Method of Manufacture

Most of the watches these days are made up of modern materials like plastic and metal alloys. The case which safeguards the hand movement is made up of plastics ( in cheaper variants ) and metals ( invariants which are more expensive ). All watches have a stainless steel backing which safeguards the gear movement. LCD watches have liquid crystals sandwiched between its glass pieces. LED watches generally are made up of different alloys such as Gallium Arsenide, Gallium Phosphide or Gallium arsenide phosphide. Gold which is an ideal conductor for electricity is used between parts for electrical contact in a very small amount. Lastly, quartz is also used in watchmaking and is perhaps the most essential raw material in watches.

Extraction and Implementation of Quartz – This tiny piece of quartz is perhaps the heart of the watch. It is usually cut by the manufacturer with the help of a diamond saw. A device named autoclave is used to give the natural quartz its desired shape. Quartz, in its natural form, dissolves in hot alkaline liquid and follows the shape of the seeds on the autoclave. This process takes place at around 400-degree celsius.

After 75 days, the chamber is opened and the piece is cut into different shapes and sizes as per our requirement of frequency as it depends on the size and shape of the quartz. In this process, one should take that there are no changes made to the chemical property of quartz, we are just changing its shape. Usually, the desired rate of frequency is around 1,00,000 megaHertz of 1,00,000 oscillations per second. The quartz-crystal has its frequency checked before implementation.

Despite the very low thermal coefficient of quartz, the temperature change can lead to a change in its frequency. To prevent this, the quartz is sealed in a vacuum chamber, which has wires attached to its both ends, so that the piece can be directly implemented on the circuit board.


The electronic leads produced by the battery carrying the quartz is made to pass through the microchip which serves as a “frequency dividing circuit”. The manufacturing of microchip, just like the quartz is a very error-prone process as it involves the etching of microscopic electronic circuit on a minuscule piece of silicon dioxide.

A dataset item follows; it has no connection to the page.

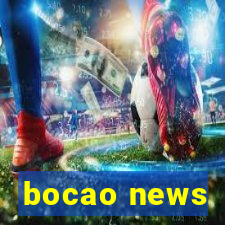 bocao news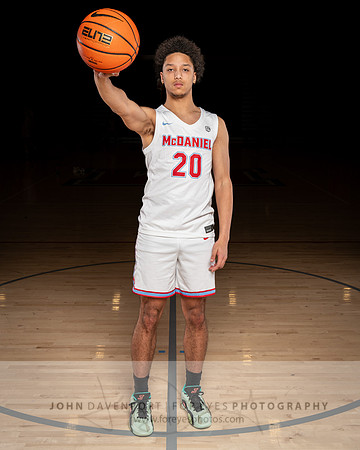 mcdmbb 2-5-25. 6.jpg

The 1,00,000 are made to pass-through this microchip and are reduced to a much more manageable number of 1 to 60 oscillations per second. This is passed through another microchip which serves as a “counter decoder driver”. It checks the total no. of signals being received. For eg, if the no. of signals being received is 60, it will send a signal of changing the reading on LED on every second, etc.


The entire set is implied on a circuit board that has a space reserved for the battery which provides electric power for quartz and LED display. The battery is applied at the back of the case, which allows it to be changed when the potential difference between its electrodes burns out, without hampering the other components of the watch. The mechanism is then connected to the desired amount of pins, which allows the owner to control its various components such as time, alarm, etc. Lastly, the entire circuit is enclosed inside a case and in the case of a wristwatch, straps are also attached.

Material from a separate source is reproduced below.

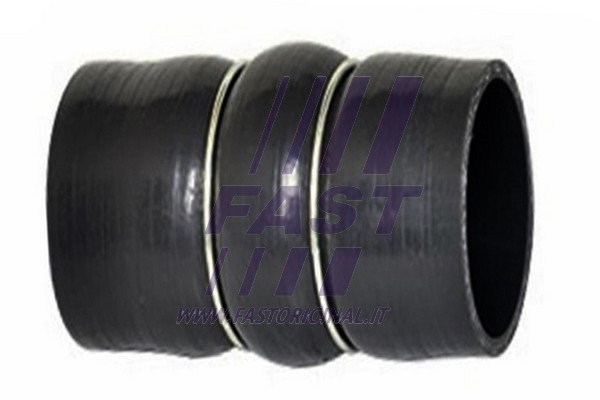 Charge Air Hose (FT61947)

In conclusion, I only want to emphasize the great impact quartz has made on the process of watchmaking. The tiny microchip in a quartz watch can hold a huge amount of information, which allows the user to perform many more functions, such as setting alarms or keeping track of the multiple time zones. Usage of quartz in watches has brought down the prices of watches to a significant level, allowing it to reach the masses. Quartz signifies the true meaning of engineering, i.e. making people’s lives easier, irrespective of their financial boundaries.